Neoathersclerosis -- defined as foamy macrophage clusters with or without calcification, fibroatheromas, thin-cap fibroatheromas, and ruptures with thrombosis -- occurred in a greater proportion of drug-eluting stents, and after a shorter duration of implantation, compared with bare-metal stents.

For stents that were implanted for less than two years, neoatherosclerosis was more common for sirolimus-eluting stents than for paclitaxel-eluting stents (37% versus 21%, P=0.021). There was no difference in the rate for longer-duration implants.

Advanced lesions -- thin-cap fibroatheromas or plaque ruptures -- tended to be more frequent with bare-metal stents (4% versus 1%), the difference was not statistically significant (P=0.17) and likely resulted from the longer duration of bare-metal stents.

Independent risk factors for neoatherosclerosis included younger age, longer implant durations, use of either sirolimus-eluting or paclitaxel-eluting stents, and underlying unstable plaques (P≤0.004 for all).

"The pathological findings regarding vascular responses to bare-metal stents and drug-eluting stents clearly point to the importance of complete and effective covering of the stented neointima by endothelium, namely, endothelialization, or the lack thereof, in leading to good or adverse outcomes, including late thrombosis," according to L. Maximilian Buja, MD, of the University of Texas Medical School at Houston.

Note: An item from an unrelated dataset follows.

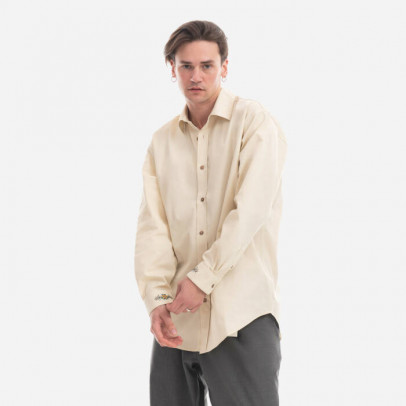 Koszula męska Drole De Monsieur Chemise Drôle Fleurie SH126 LIGHT BEIGE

But, he wrote in an accompanying editorial, "there also is an important place for experimental studies to evaluate pathophysiological phenomena, including extent of endothelial formation and maturation and control of fibrocellular intimal thickening, as new approaches to drug-eluting stents are being developed."

Virmani and her colleagues acknowledged some limitations of the study, including the nonrandom design and possibility that the study population was biased toward patients dying of drug-eluting stent complications, which could result in inflated rates of stent thrombosis.

Disclosures

CVPath Institute provided full support for the study.

Virmani reported receiving research support from Medtronic AVE, Abbott Vascular, Atrium Medical, OrbusNeich Medical, Terumo Corporation, Cordis Corporation, BioSensors International, Biotronik, and Alchimedics, and serving as a consultant for Medtronic AVE, Abbott Vascular, W.L. Gore, Atrium Medical, and Lutonix. One of her co-authors is supported by an NIH grant, the Carlyle Fraser Heart Center at Emory University, and a sponsored research agreement with Medtronic and St. Jude Medical, and is a consultant for Abbott Vascular and Cordis.

Buja did not report any conflicts of interest.

Primary Source

Journal of the American College of Cardiology

Nakazawa G, et al "The pathology of neoatherosclerosis in human coronary implants: bare-metal and drug-eluting stents" J Am Coll Cardiol 2011; DOI: 10.1016/j.jacc.2011.01.011.

Secondary Source

Journal of the American College of Cardiology

Buja L "Vascular responses to percutaneous coronary intervention with bare-metal stents and drug-eluting stents: A perspective based on insights from pathological and clinical studies" J Am Coll Cardiol 2011; DOI: 10.1016/j.jacc.2010.11.033.